▸ **Work task**: Without the pictures, give every record again exactly.

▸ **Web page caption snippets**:
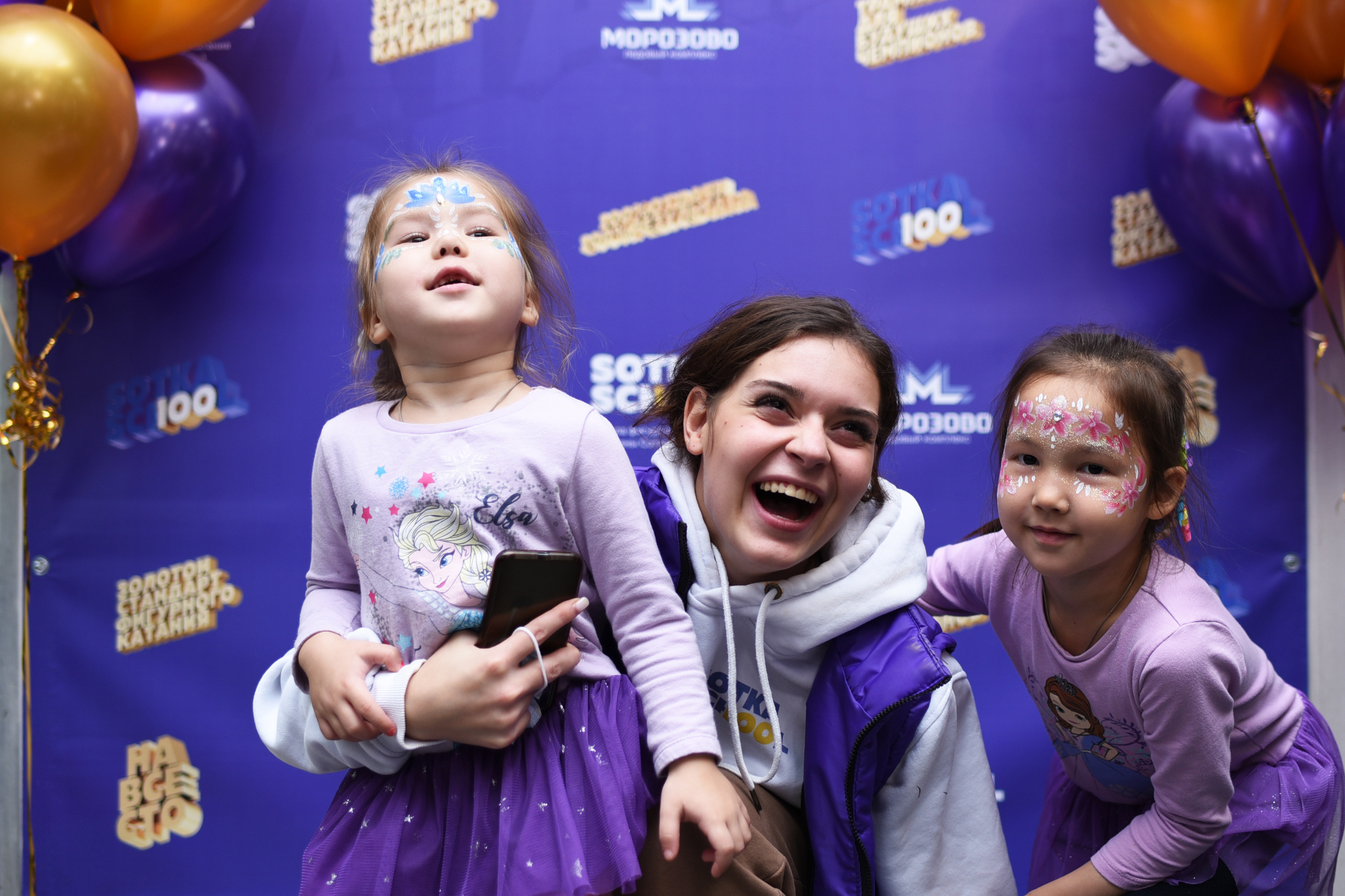 Школа Аделины Сотниковой. Семейный и детский фотограф во Фрязино, Ивантеевке и Щелково Матвеева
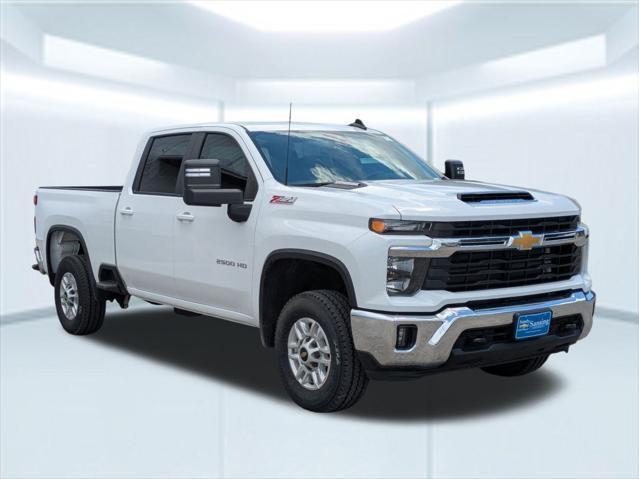 new 2025 Chevrolet Silverado 2500 car, priced at $71,214
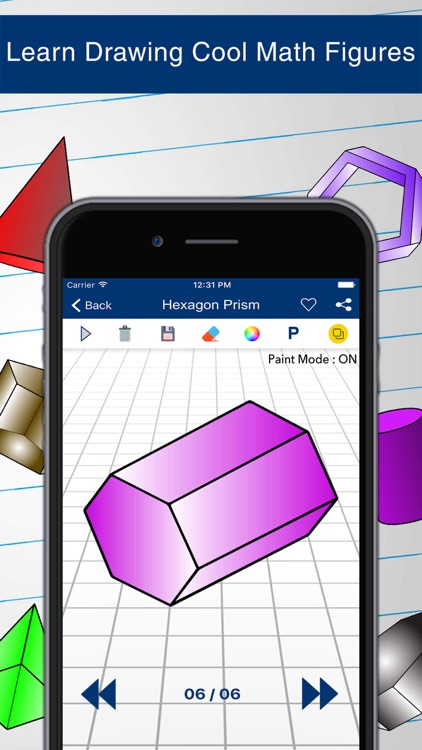 How to Draw Math Figures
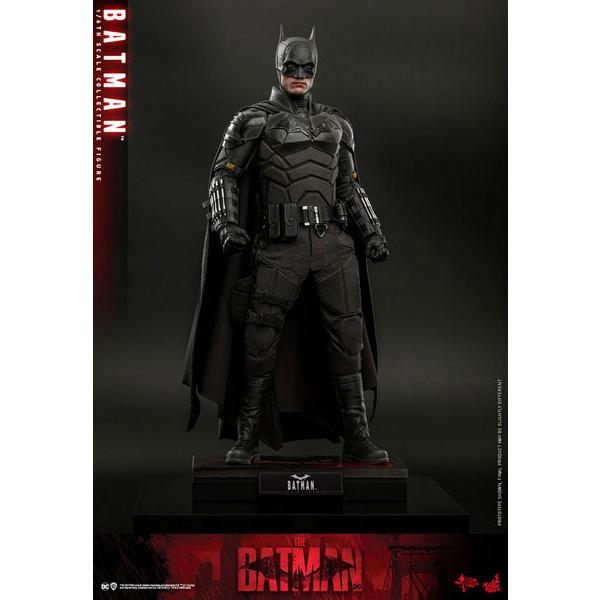 ムービー・マスターピース THE BATMAN ザ・バットマン 1/6 バットマン 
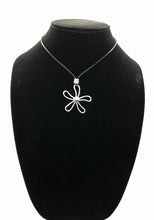 Load image into Gallery viewer, Handmade Pendant Necklaces - Silver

▸ **Solution to the problem**:
 Школа Аделины Сотниковой. Семейный и детский фотограф во Фрязино, Ивантеевке и Щелково Матвеева
 new 2025 Chevrolet Silverado 2500 car, priced at $71,214
 How to Draw Math Figures
 ムービー・マスターピース THE BATMAN ザ・バットマン 1/6 バットマン 
 Load image into Gallery viewer, Handmade Pendant Necklaces - Silver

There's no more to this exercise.